Kids' Eating: Is it safe for my teenager to follow a vegetarian diet?
Although all people are different, a healthy vegetarian diet can certainly meet the nutritional needs of a teen. As of 2005, about 3 percent of teens were vegetarian, so your kid is in good company. In fact, many vegetarian teens have diets that are markedly better than those of non-vegetarian teens. Studies have shown that, compared to their non-vegetarian counterparts, vegetarian teens are twice as likely to eat fruits or vegetables, and less likely to eat sweets, salty snack foods, fast foods and fatty foods.
You can help your kid make sure she's a healthy vegetarian by encouraging her to eat a variety of foods from the groups below:
Grains: This group includes breads, pasta, cereal, rice and other grain products. Whole grains should be chosen frequently. These foods provide iron, zinc, fiber and vitamins.
Dried beans, nuts and other protein-rich foods: These foods provide not only protein but also vitamins and minerals. Teens should get at least six servings a day with a serving equal to half a cup of cooked beans or tofu, two tablespoons of nut butters, a quarter cup of nuts, an ounce of meat analog, an egg, three-quarters of an ounce of cheese or four ounces of milk, soy milk or yogurt.

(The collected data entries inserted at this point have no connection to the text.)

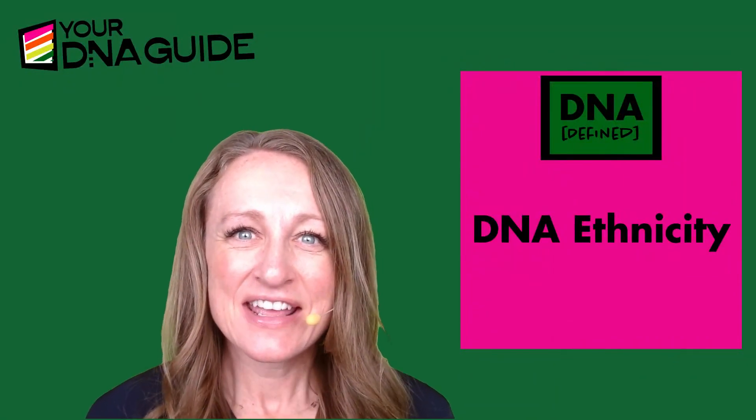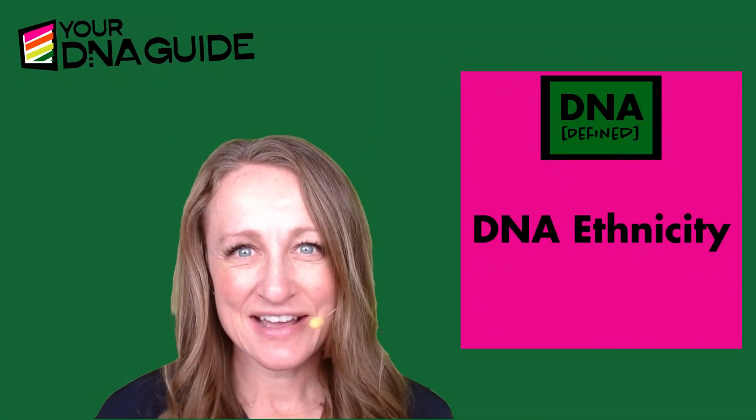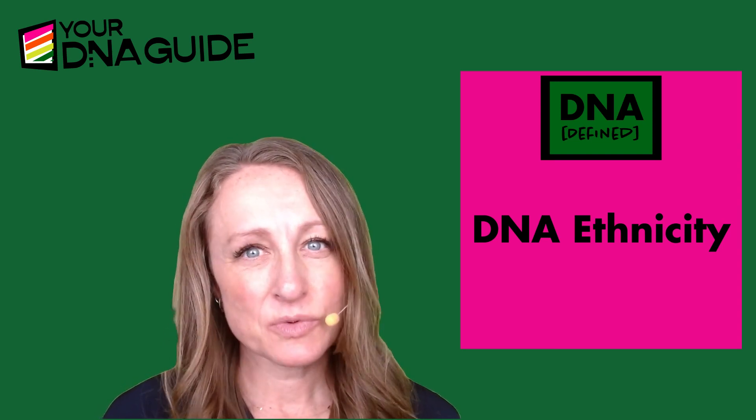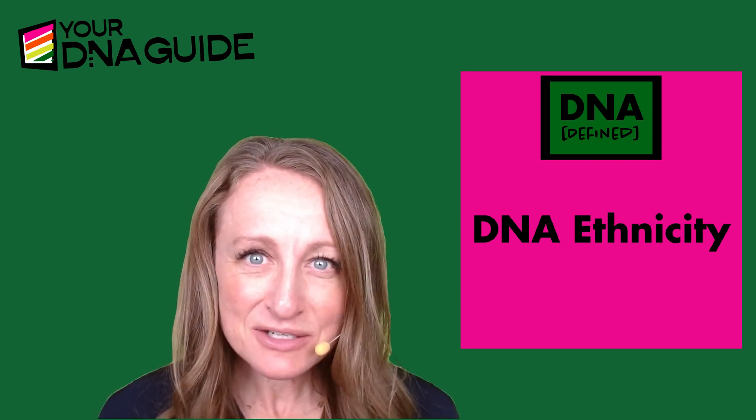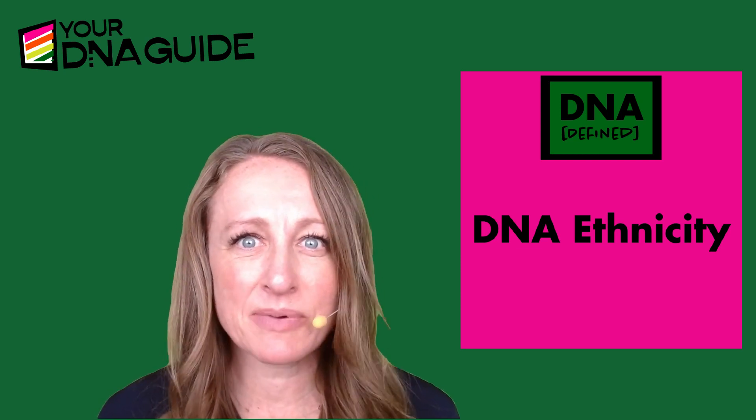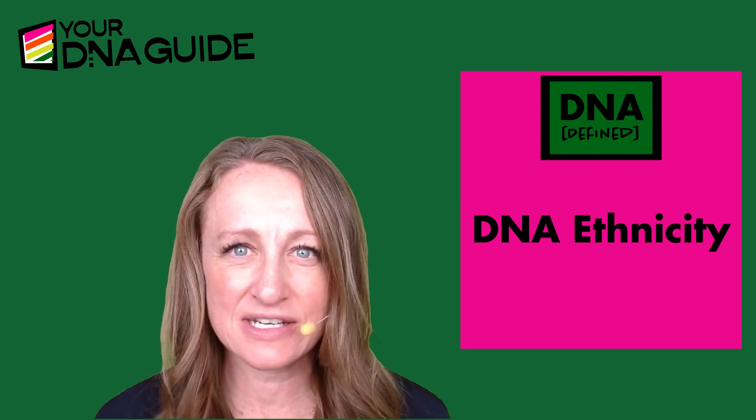Hi, my name is Diane Southerd, and I'm founder of Your DNA Guide. Today on DNA Defined, we are going to talk about your DNA ethnicity results — the percentages, the pie charts, the maps that you get from your DNA testing company.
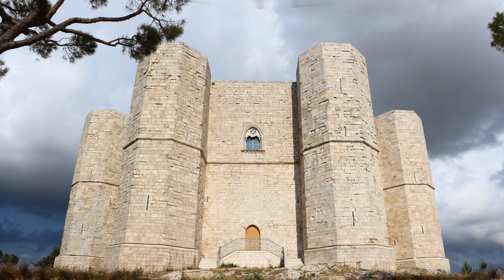Castel del Monte is a 13th-century citadel and castle situated on a hill in Andria in the Apulia region of southeast Italy. It was built during the 1240s by Emperor Frederick II, who had inherited the lands from his mother Constance of Sicily. In the 18th century, the castle's interior marbles and remaining furnishings were removed. It has neither a moat nor a drawbridge and some considered it never to have been intended as a defensive fortress. However, archaeological work has suggested that it originally had a curtain wall, described by the Encyclopædia Italiana as the most fascinating castle built by Frederick II. The site is protected as a World Heritage Site and also appears on the Italian version of the one-cent euro coin.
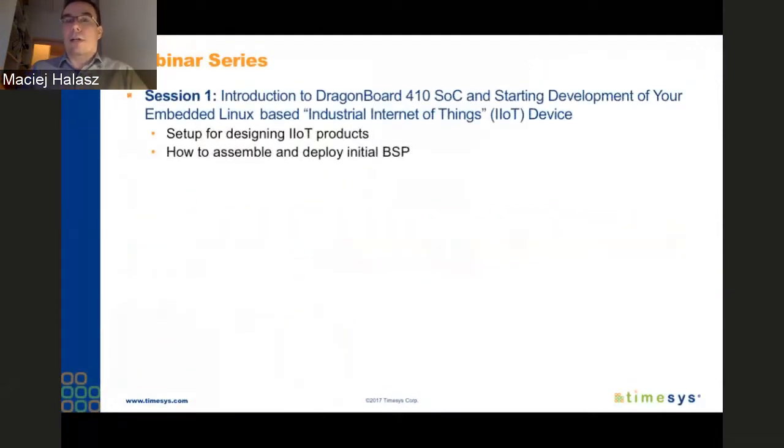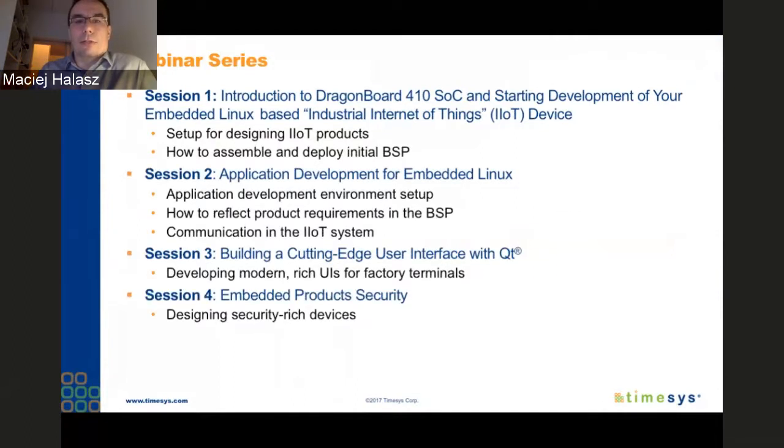The webinar series consists of four episodes. So far we covered the first two sessions: an introduction to the DragonBoard 410c and how to start development around that product — from the 96 Boards ecosystem, Arrow, and Qualcomm. We wanted to wrap the discussion around technology but also talk about a specific market. We thought Industrial Internet of Things is a great area where we see a lot of this technology being adopted.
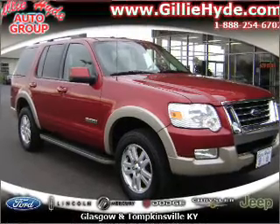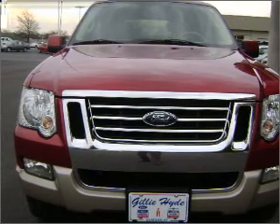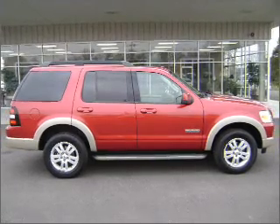Venture out with the whole family in this 2008 Ford Explorer Eddie Bauer that we have at Gilly Ford LM. The Redfire Explorer has remote digital keypad power door locks, cruise controls on the steering wheel, and much more.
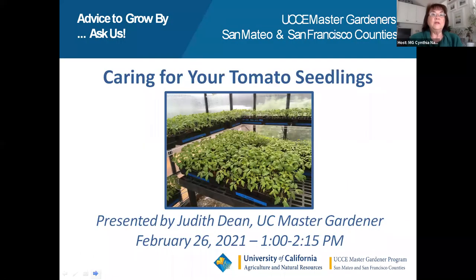Good afternoon. UC Master Gardeners of San Mateo and San Francisco counties welcome you to our second of our spring edible series entitled Caring for Your Tomato Seedlings. Our presenter today is Judith Dean. Judith has been a Master Gardener since 2006 and has attended propagation classes at Foothill College, San Francisco Botanical Garden, and Filoli.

Fruits and vegetables: A variety of fruits and vegetables should be eaten every day. This group is a key source of vitamin C and beta-carotene.
Fats: Fat sources for vegetarians include vegetable oils, nuts and nut butters, avocado and margarine. This group provides calories to support growth as well as essential fatty acids.
Calcium-rich foods: Some vegetarian teens get most of their calcium from dairy products like milk, cheese and yogurt. Other teens, who either follow a vegan diet or don't eat many dairy products, get calcium from calcium-fortified soy milk and juice, green vegetables (bok choy, collards, kale, broccoli and mustard greens) and calcium-set tofu.
Vitamin B12: This essential vitamin is found in dairy products, eggs and foods fortified with vitamin B12 (fortified soy milk, breakfast cereal, fake meats and nutritional yeast). Vitamin B12 supplements are another option.
You can also help your daughter by cooking vegetarian meals that the entire family can share, helping her learn to prepare vegetarian foods and stocking some vegetarian convenience foods like veggie burgers and frozen entrees. Of course, if your kid's eating has markedly restricted her diet (for example, avoiding carbohydrates or eating very limited portions) before becoming vegetarian, you should check for signs of an eating disorder.